Neither party has correctly interpreted the affect in this case of section 13-712, R.C.M.1947, now section 28-3-102 MCA, which provides:

"A contract is to be interpreted according to the law and usage of the place where it is to be performed; or, if it does not indicate a place of performance, according to the law and usage of the place where it is made."

That statute is not a declaration of the rule of Lex loci contractus, as Allstate maintains. Rather, it is a declaration that generally a contract is to be interpreted under the rule of Lex loci solutionis, the law of the place of performance. Under the statute, it is only when the contract does not indicate a place of performance that the interpretation would fall under the rule of Lex loci contractus. In this situation, we look to the contract to determine if there is a place of performance indicated; if there is, the law of the place of performance controls under our statute, and there is no need to determine the law of the place where the contract was made, nor to adopt the "grouping of contacts", or "the center of gravity" approach to determine the applicable law.

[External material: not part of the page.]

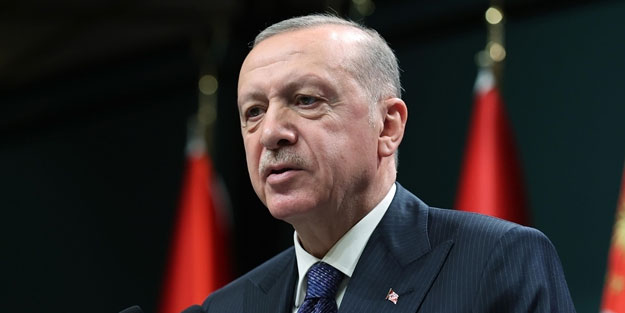 Cumhurbaşkanı Erdoğan 'yapamaz'ı yaptı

To determine the place of performance, we turn to the respective insurance contracts. Under the uninsured motorist coverage, the following language appears:

"Allstate will pay all sums which the insured or his legal representative Shall be legally entitled to recover as damages from the owner or operator of an uninsured automobile because of bodily injury . . . including death . . . sustained by the insured, caused by accident arising out of the ownership, maintenance or use, of such uninsured automobile . . . " (Emphasis added.)

The territory to which the uninsured motorist coverage applies is described thusly:

"This coverage applies only to accidents which occur on and after the effective date hereof, during the policy period, and outside the State of New York but within the United States of America, its territories or possessions, or Canada." (Emphasis added.)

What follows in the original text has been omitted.